Step 2: Add a new client to keycloak
^^^^^^^^^^^^^^^^^^^^^^^^^^^^^^^^^^^^

Make sure the correct realm is active (the name is shown in the title of the left sidebar) to which you want to add a new client.

.. figure:: /guides/images/kc_start.png
   :width: 100%
   :align: center

   The start page of a realm. Here you can edit names, policies, ... of the realm. The defaults are sufficient for inmanta
   authentication. This shows the inmanta realm.

Go to client and click create on the right hand side of the screen.

.. figure:: /guides/images/kc_clients.png
   :width: 100%
   :align: center

   Clients in the master realm. Click the create button to create an inmanta client.

Provide an id for the client and make sure that the client protocol is ``openid-connect`` and click save.

.. figure:: /guides/images/kc_new_client.png
   :width: 100%
   :align: center

   Create client screen

After clicking save, keycloak opens the configuration of the client. Modify the client to allow implicit flows and add
vallid callback URLs. As a best practice, also add the allowed origins. See the screenshot below as an example.

.. figure:: /guides/images/kc_client_details.png
   :width: 100%
   :align: center

   Allow implicits flows (others may be disabled) and configure allowed callback urls of the dashboard.

Add a mapper to add custom claims to the issued tokens for the API client type. Open de mappers tab of your new client and click
`add`.

.. figure:: /guides/images/kc_mappers.png
   :width: 100%
   :align: center

   Add a custom mapper to the client to include `:urn:inmanta:ct`

Select hardcoded claim, enter `:urn:inmanta:ct` as claim name and `api` as claim value and string as type. It should only be
added to the access token.

.. figure:: /guides/images/kc_ct_mapper.png
   :width: 100%
   :align: center

   Add the ct claim to all access tokens for this client.

Step 3: Configure inmanta server
^^^^^^^^^^^^^^^^^^^^^^^^^^^^^^^^

Go to the installation tab and select JSON format in the select box. This JSON string provides you with the details to
configure the server correctly to redirect dashboard users to this keycloak instance and to valide the tokens
issued by keycloak.

.. figure:: /guides/images/kc_install.png
   :width: 100%
   :align: center

   Show the correct configuration parameters in JSON format.

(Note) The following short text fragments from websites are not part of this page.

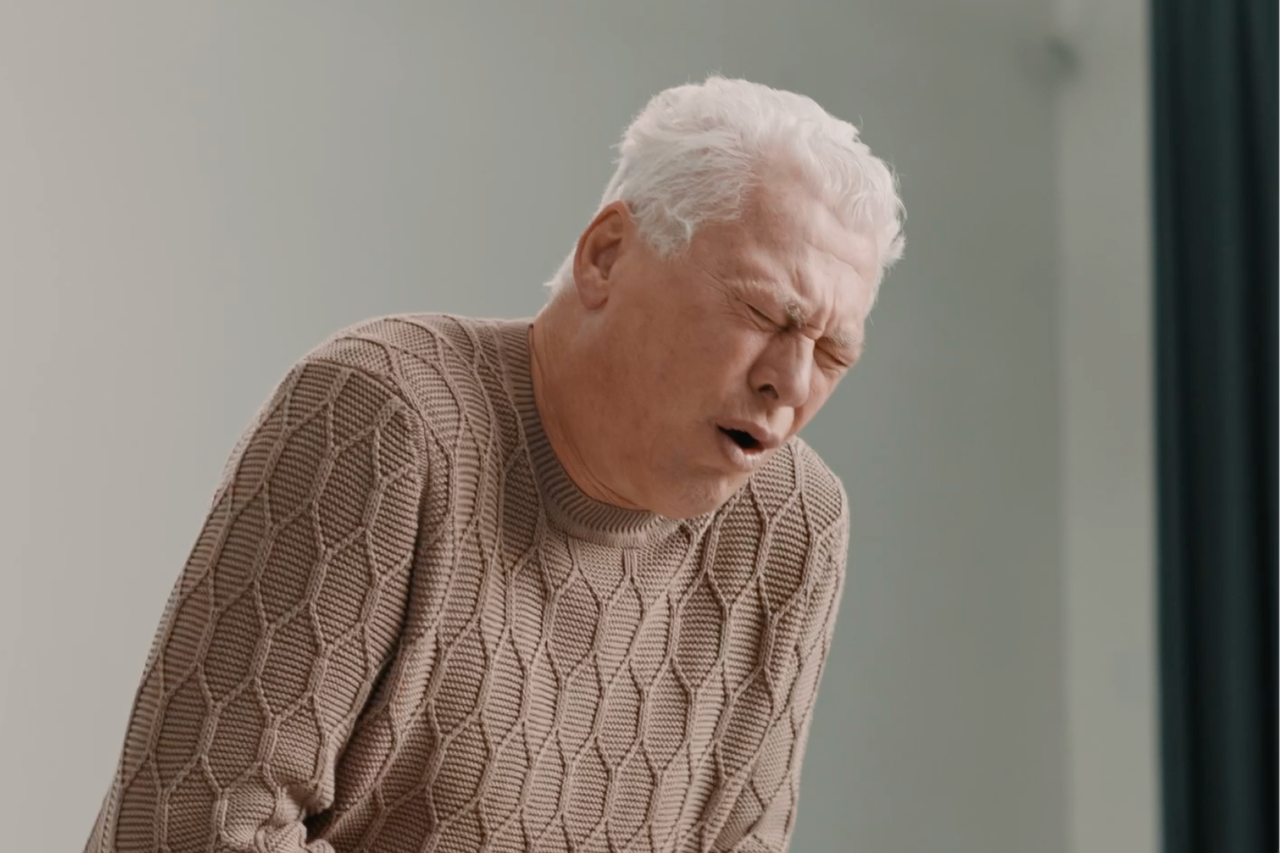 Ein Mann mittleren Alters mit Schmerzen im Gesicht trägt einen braunen Strickpullover.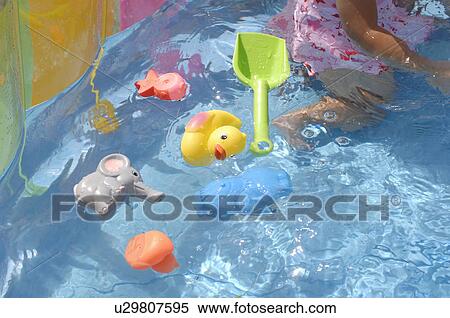 Toy floating in wading pool, Chiba Prefecture, Honshu, Japan View Large Photo Image Stock Photography - Toy floating in wading pool, Chiba Prefecture, Honshu, Japan. Fotosearch
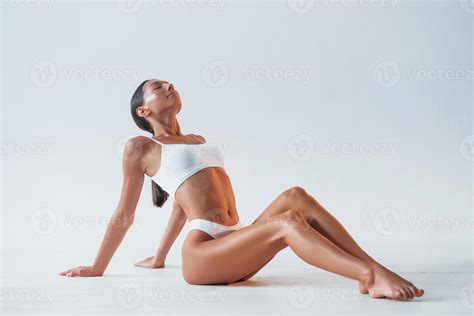 Sitting On The Floor Beautiful Woman With Slim Body In Underwear Is In The Studio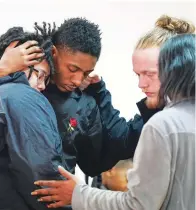  ?? (AP Photo/Sean Rayford) ?? People comfort each other Wednesday after a vigil for a group of Americans kidnapped in Mexico, at Word of God Ministries in Scranton, S.C. Two of the four Americans, all from South Carolina, were killed after being caught in a deadly shootout while traveling last week to Matamoros for one of them to get cosmetic surgery.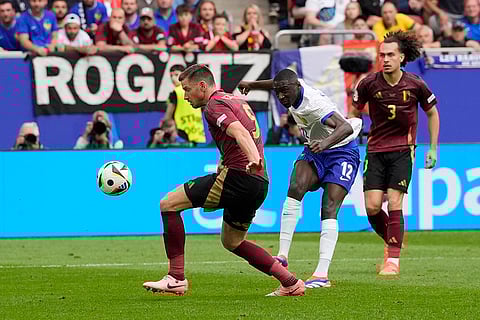 Randal Kolo Muani shoots at goal to cause Jan Vertonghen to score an own goal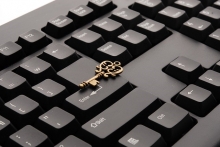 Keyboard with ornate key sitting on top of it 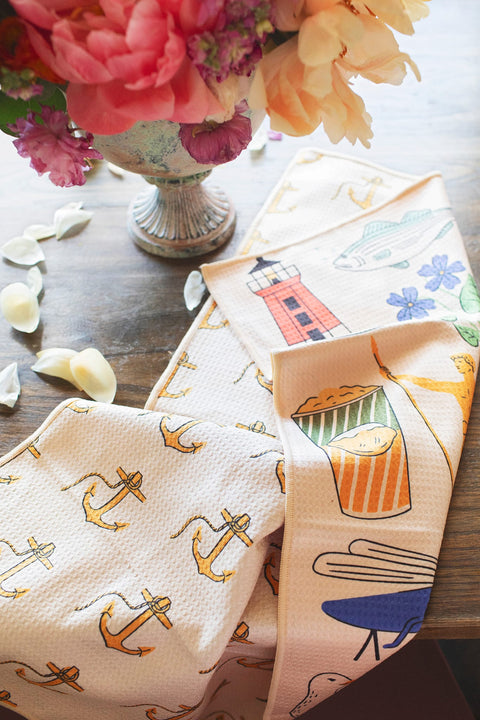 Rhode Island Kitchen & Tea Towel with vibrant anchor, lighthouse, and fish designs on a table.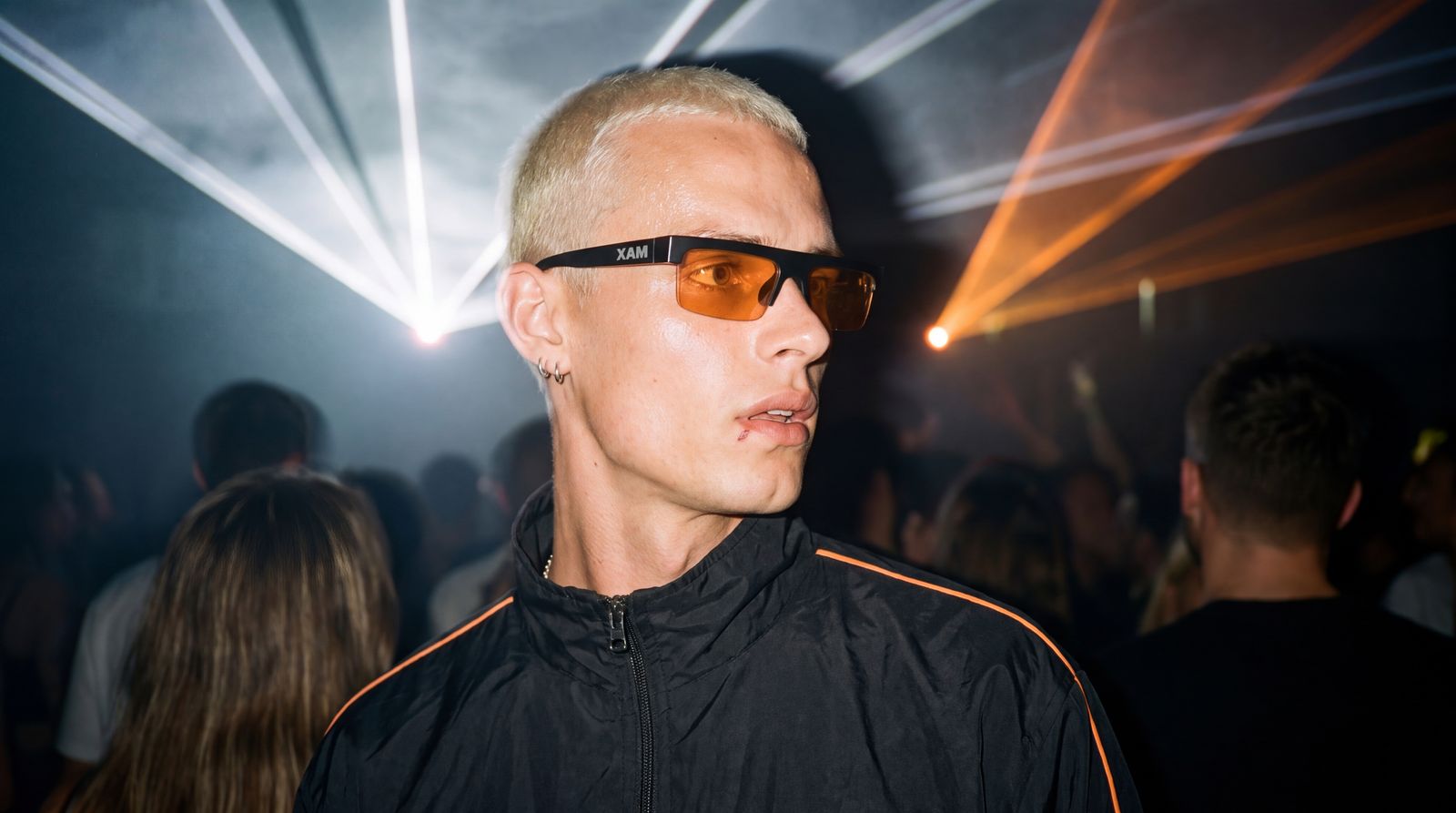 Model wearing XAM sunglasses in a club with laser lights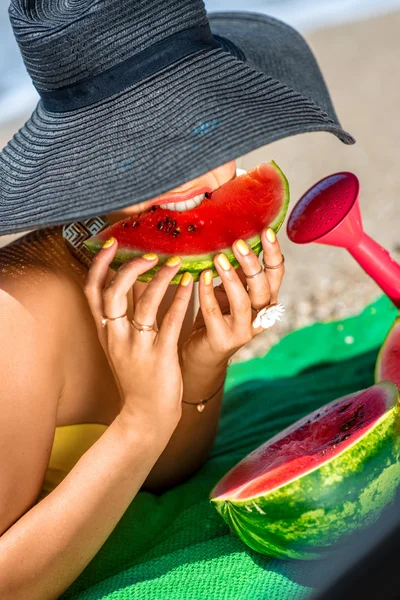 Kobieta jedząca arbuza na plaży — Zdjęcie stockowe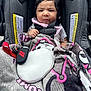 baby, child, car_seat, blanket, pink_bows, clothing, face, person, seatbelt, indoor, cute, infant, expression, hand, keychain, black_hair, fabric, sitting, portrait, warning_label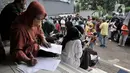 Warga mengisi data di luar gedung Kantor Suku Dinas Dukcapil Jakarta Timur, Senin (15/6/2020). Layanan tatap muka Dukcapil Jakarta Timur yang kembali dibuka sejak Jumat (12/6) lalu disambut antusias warga yang ingin mengurus dokumen administrasi kependudukan. (merdeka.com/ Iqbal S Nugroho)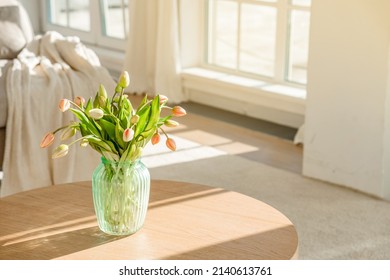 A Bouquet Of Tulips In A Beautiful Vase At Home In A Bright Modern Interior On A Wooden Table. Spring Concept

Add a keycloak configuration parameters to the dashboard section of the server configuration file.
(/etc/inmanta/server.cfg in most installs.) This section should already contain enabled=true and the
path to the dashboard source.

Add the realm, auth_url and client_id to the dashboard section. Use the parameters from the installation json file created
by keycloak.

.. code-block:: ini

    [dashboard]
    enabled=true
    path=/opt/inmanta/dashboard

    # keycloack specific configuration
    realm=master
    auth_url=http://localhost:8080/auth
    client_id=inmanta

.. warning:: In a real setup, the url should contain public names instead of localhost, otherwise logins will only work
   on the machine that hosts inmanta server.

Configure a ``auth_jwt_`` block (for example ``auth_jwt_keycloak``) and configure it to valide the tokens keycloak issues.

.. code-block:: ini

    [auth_jwt_keycloak]
    algorithm=RS256
    sign=false
    client_types=api
    issuer=http://localhost:8080/auth/realms/master
    audience=inmanta
    jwks_uri=http://localhost:8080/auth/realms/master/protocol/openid-connect/certs

Set the algorithm to RS256, sign should be false and client_types should be limited to api only. Next set the issuer to the
correct value (watch out for the realm). Set the audience to the value of the resource key in the json file. Finally, set the
jwks_uri so the server knows how to fetch the public keys to verify the signature on the tokens. (inmanta server needs to be
able to access this url).

Both the correct url for the issuer and the jwks_uri is also defined in the openid-configuration endpoint of keycloack. For
the examples above this url is http://localhost:8080/auth/realms/master/.well-known/openid-configuration
(http://www.keycloak.org/docs/3.3/securing_apps/topics/oidc/oidc-generic.html)

.. warning:: When the certificate of keycloak is not trusted by the system on which inmanta is installed, set ``validate_cert``
    to false in the ``auth_jwt_keycloak`` block for keycloak.